Captioned web image data:
_ _ _ _ _ _ _
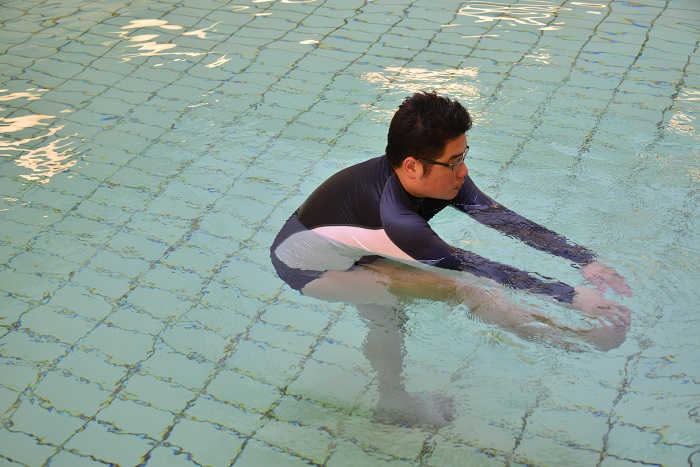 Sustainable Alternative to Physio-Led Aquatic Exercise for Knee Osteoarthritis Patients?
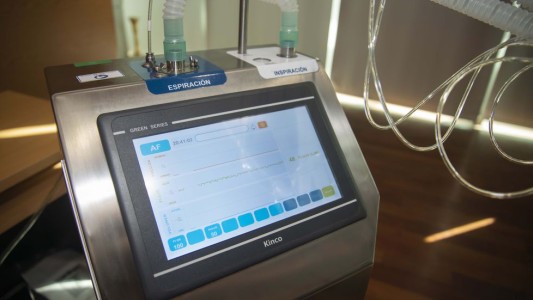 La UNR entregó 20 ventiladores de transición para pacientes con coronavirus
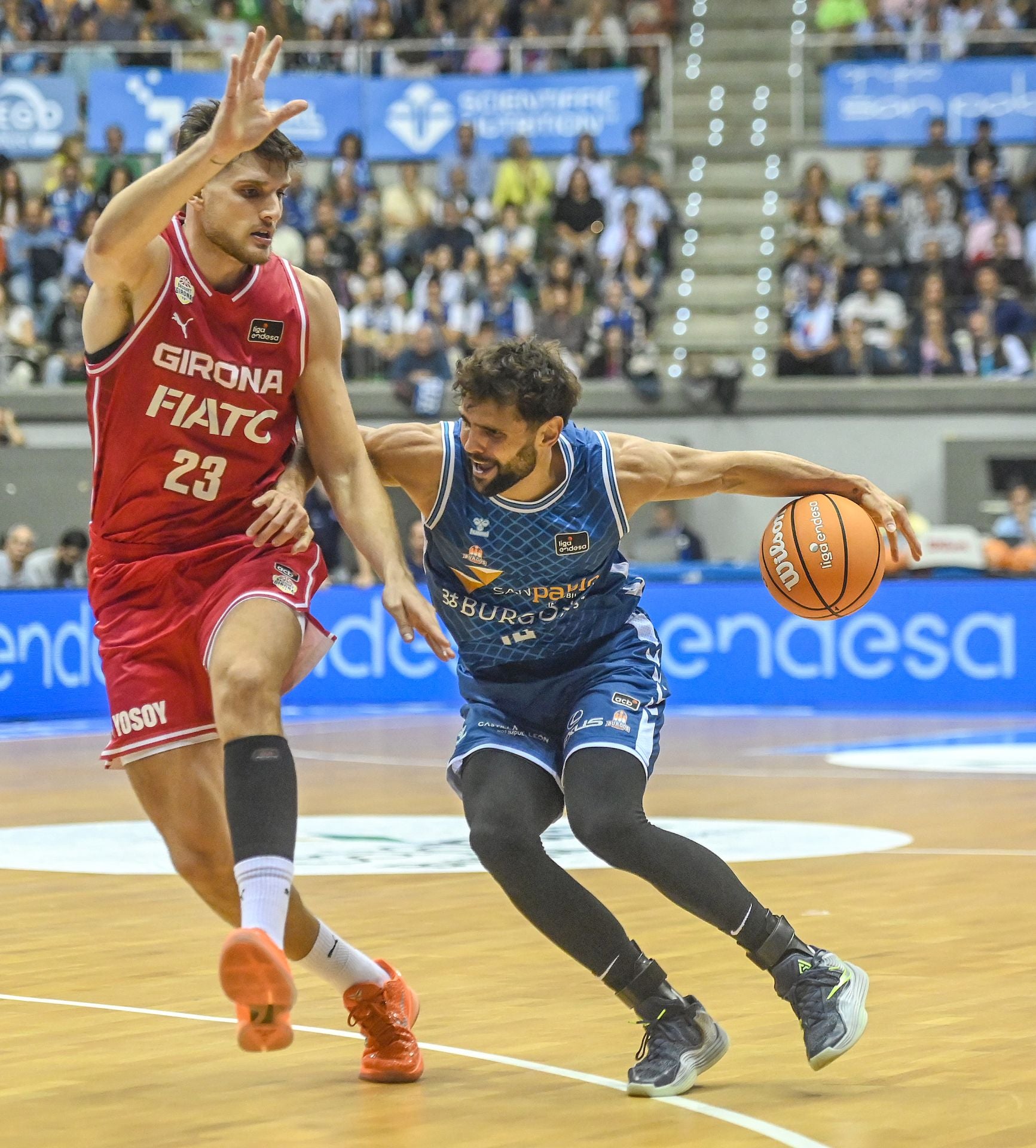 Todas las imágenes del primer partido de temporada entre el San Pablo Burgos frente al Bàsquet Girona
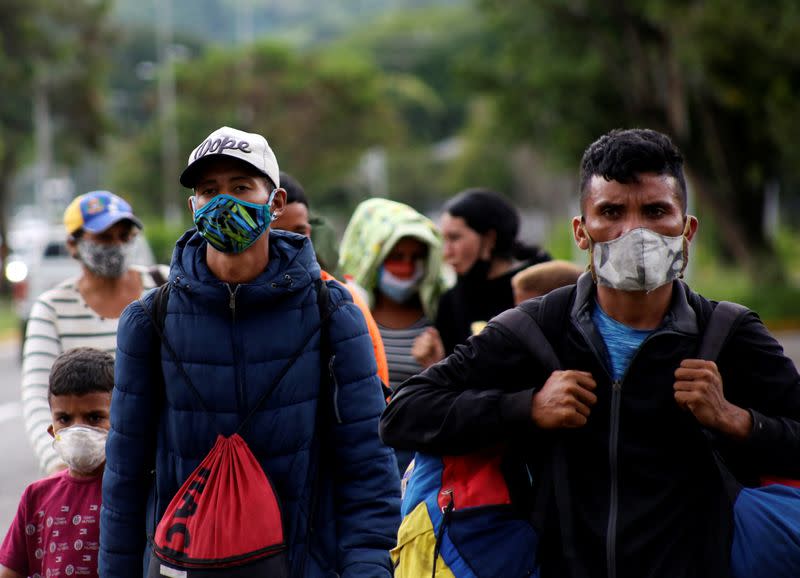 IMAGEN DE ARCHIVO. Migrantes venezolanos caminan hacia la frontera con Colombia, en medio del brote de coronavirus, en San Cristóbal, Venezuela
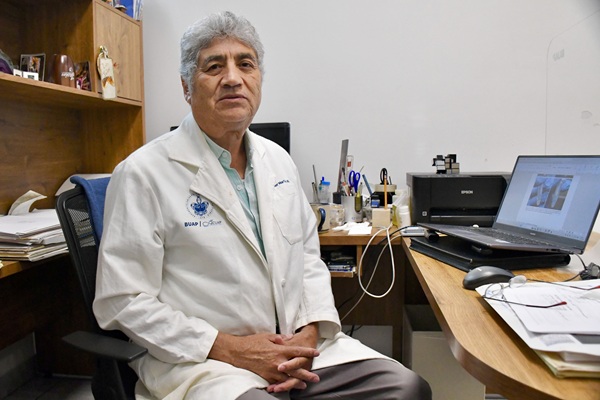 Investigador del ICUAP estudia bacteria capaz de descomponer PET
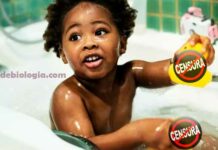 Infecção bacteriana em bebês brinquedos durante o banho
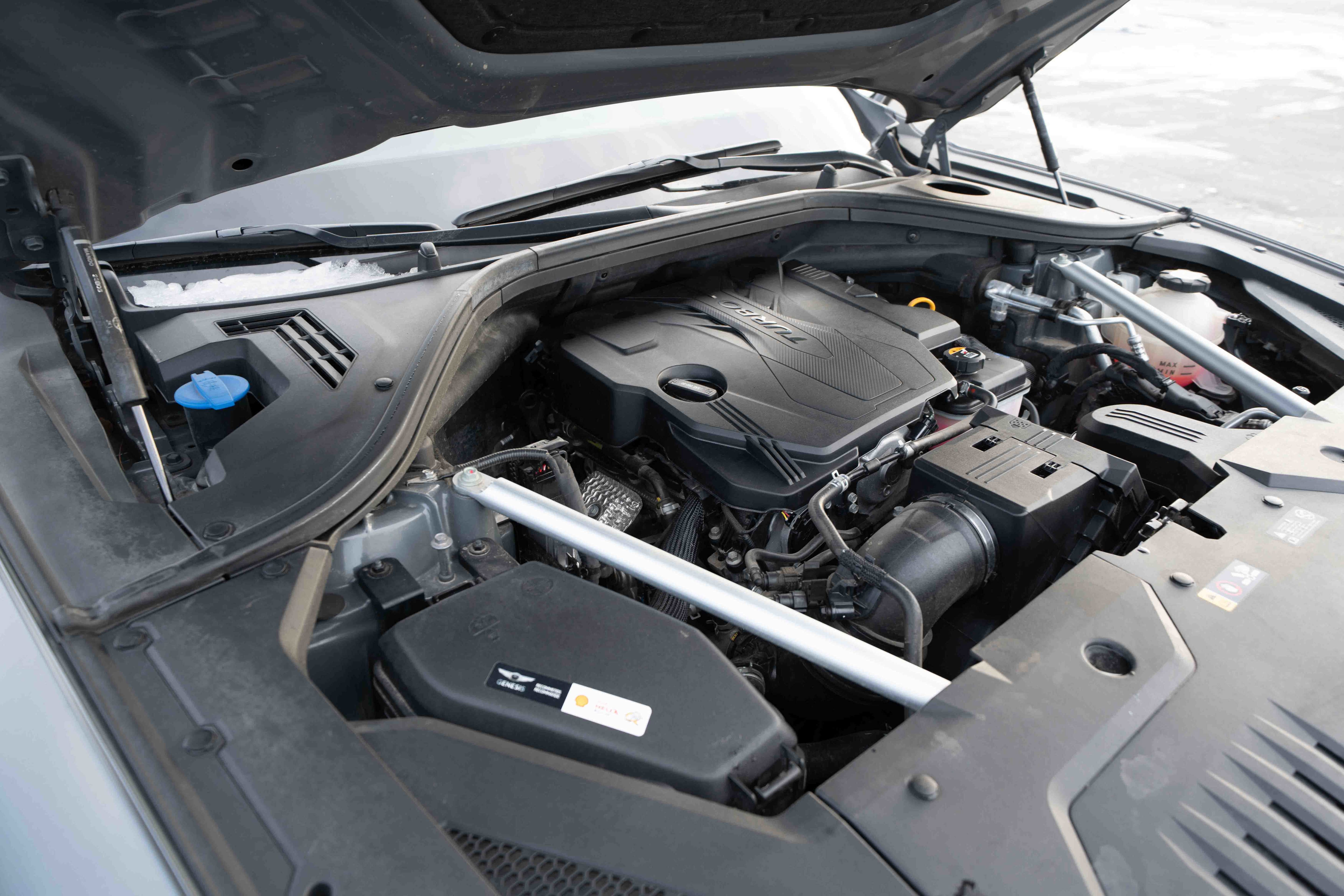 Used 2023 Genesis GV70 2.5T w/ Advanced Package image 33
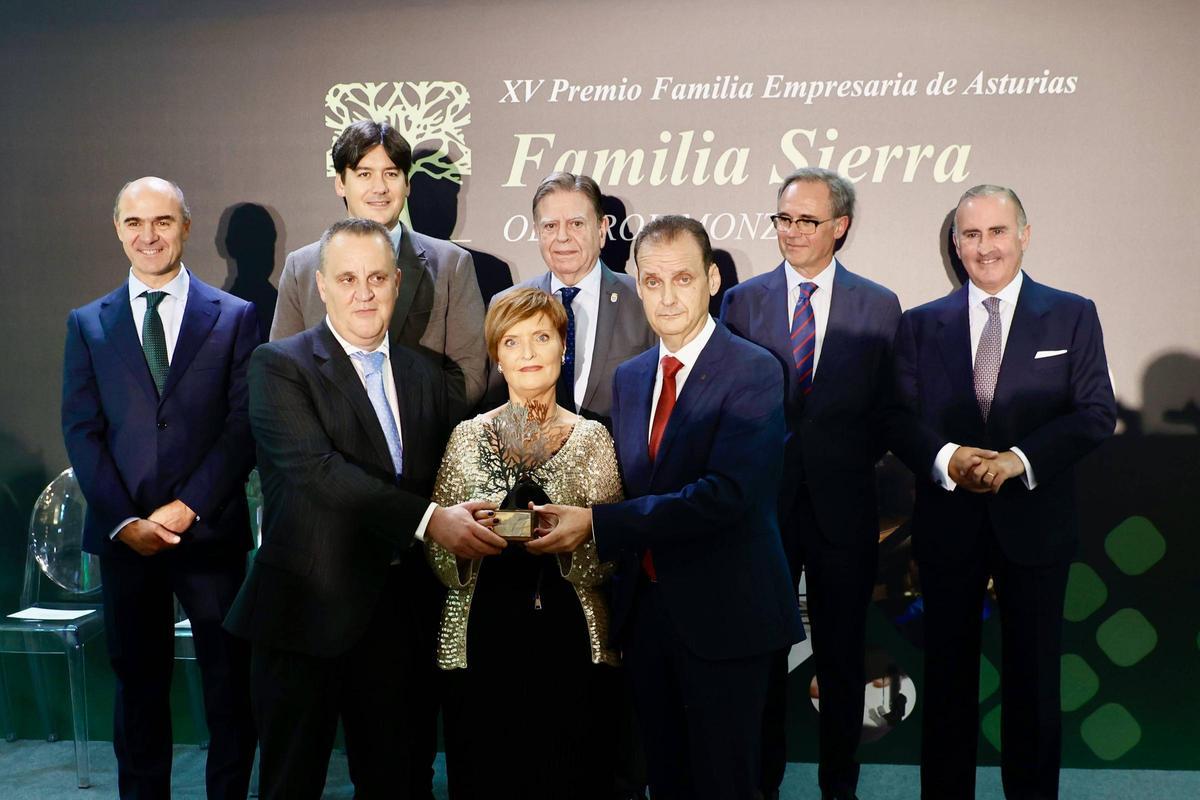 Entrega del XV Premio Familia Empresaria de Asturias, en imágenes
_ _ _ _ _ _ _
■ What to produce:
Output the records above as they stand, from the first line to the line with "La UNR entregó", inclusive, and exclude the pictures.

■ Reply to the exercise:
 Sustainable Alternative to Physio-Led Aquatic Exercise for Knee Osteoarthritis Patients?
 La UNR entregó 20 ventiladores de transición para pacientes con coronavirus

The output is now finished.